International Office UIN Siber Syekh Nurjati Cirebon Participates in Deconstructing Indonesia’s Info Session Featuring Keynote Speaker Hilmar Farid
Cirebon, June 27, 2026 – The International Office of UIN Siber Syekh Nurjati Cirebon is fully committed to continuously expanding global academic horizons based on local wisdom and sovereignty. As a tangible manifestation of this commitment, the International Office of UINSSC had the opportunity to participate in an exclusive guest lecture and info session organized by the academic community Deconstructing Indonesia. This international-scale scientific event, which featured prominent Indonesian historian and cultural thinker, Hilmar Farid as the guest speaker for this particular session in the series, aimed to absorb new paradigms regarding the decolonization of knowledge in order to strengthen Indonesia's academic bargaining position on the international stage.
This dynamically unfolding info session thoroughly examined the fundamental challenges of the Indonesian nation, which has been independent for eight decades but still faces the specter of epistemic dependency. In his presentation, Hilmar Farid explained that decolonization is not merely a ceremonial political event, such as the recognition of sovereignty and the raising of the national flag in the mid-1945–1949 period. Beyond that, the cultural and knowledge dimensions are the most crucial foundations determining the success of a nation's political and economic sovereignty. The International Office of UINSSC noted the importance of this reflection so that higher education institutions do not simply blindly adopt Western theories when analyzing local phenomena. A lack of conceptual freedom is considered the root cause of why domestic academics often fail to fully capture the sociological realities of their own society.
Through the interactive discussion in this edition of the info session series, the speaker also dissected crucial periods in the history of knowledge production in the country, which has experienced ups and downs. In the early independence period until the mid-1960s, Indonesia was recognized for successfully opening up global thinking horizons through transformative initiatives like the 1955 Asian-African Conference (KAA) in Bandung. However, this independent epistemic horizon contracted severely following the political events of 1965, which subsequently institutionalized a technocratic knowledge regime heavily reliant on statistical and utilitarian data.
Hilmar Farid emphasized, "Current conditions demand that we build a conceptual and organizational infrastructure of resistance, where the work of thinking within discussion spaces like this one is an integral part of strengthening the foundation of our shared struggle."
Furthermore, the active engagement of the International Office of UINSSC in this global forum opened up new insights regarding the limitations of the Reformasi era, which tended to get trapped in administrative-technical substitutions. Reformasi was deemed successful in reshaping political institutions but has not yet been able to decolonize knowledge, as it frequently obscured the issue of sovereignty into a mere matter of governance. The phenomenon of the rising "decolonial trend" in various world universities today did not escape sharp criticism either, as it often stops at being an academic syllabus discourse without touching actual changes in social relations on the ground.

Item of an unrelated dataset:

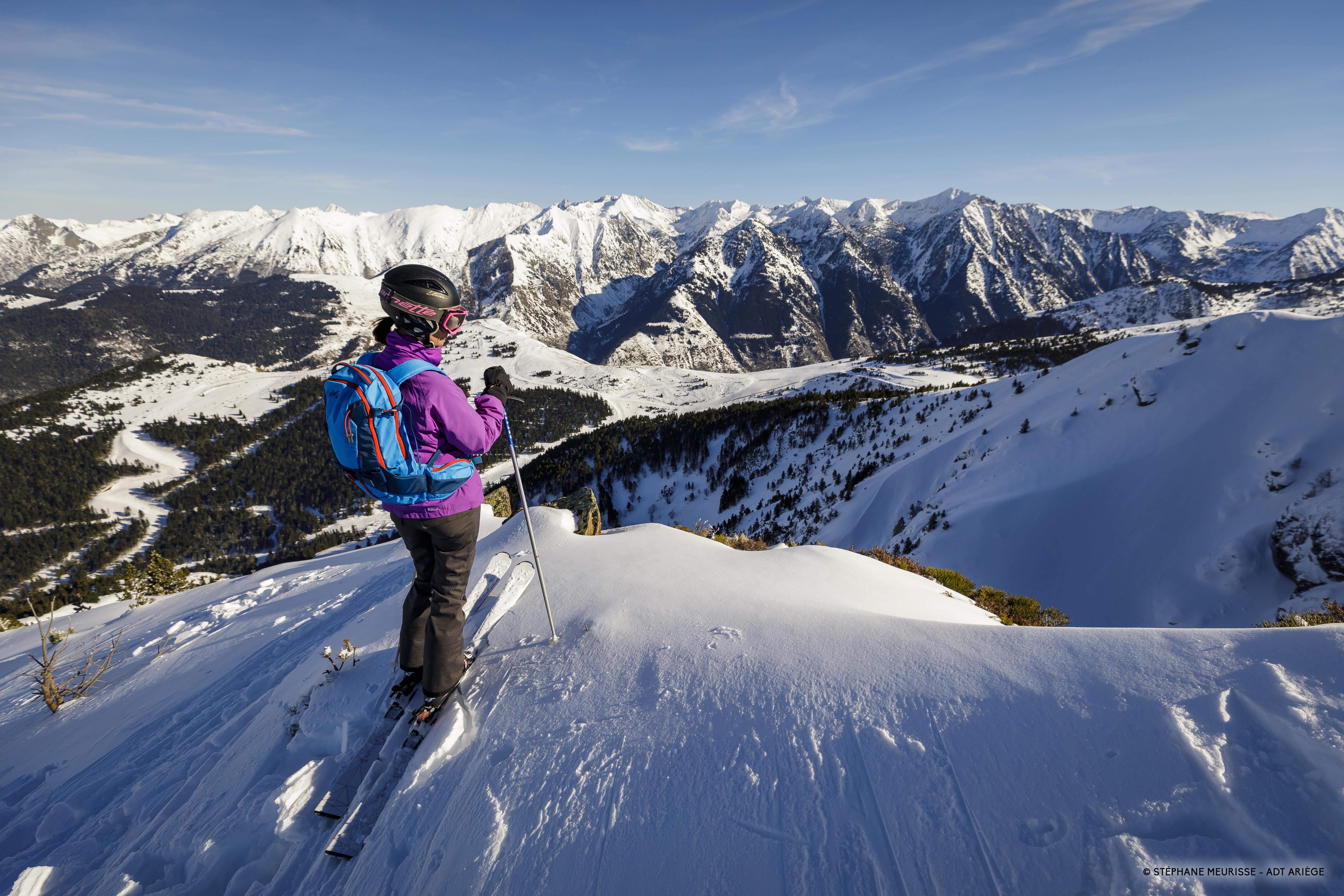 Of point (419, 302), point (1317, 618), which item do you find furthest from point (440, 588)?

As a concrete solution to the specter of intellectual colonialism, the concept of Gotong Royong (mutual cooperation) was offered not merely as a traditional cultural value, but as a robust epistemology and scientific method. This method rests on four interconnected core principles: collective work, a relational bond between the researcher and the subject, a practical orientation in the field, and a dynamic, recursive evaluation. Implementing gotong royong as a scientific method is believed to be capable of generating original concepts rooted directly in the historical and sociological experiences of Indonesian society. This somatic and trust-based approach is expected to liberate academics' minds from the shackles of the captive mind.
This ongoing epistemic movement aligns perfectly with the research focus of Lala Bumela Sudimantara, Ph.D. (Director of International Office), on local wisdom and critical language awareness. In continuity with this series, Lala Bumela Sudimantara, Ph.D. will step forward as the next guest speaker on Monday, June 29, 2026, to deliver a presentation on decolonizing English Language Teaching (ELT).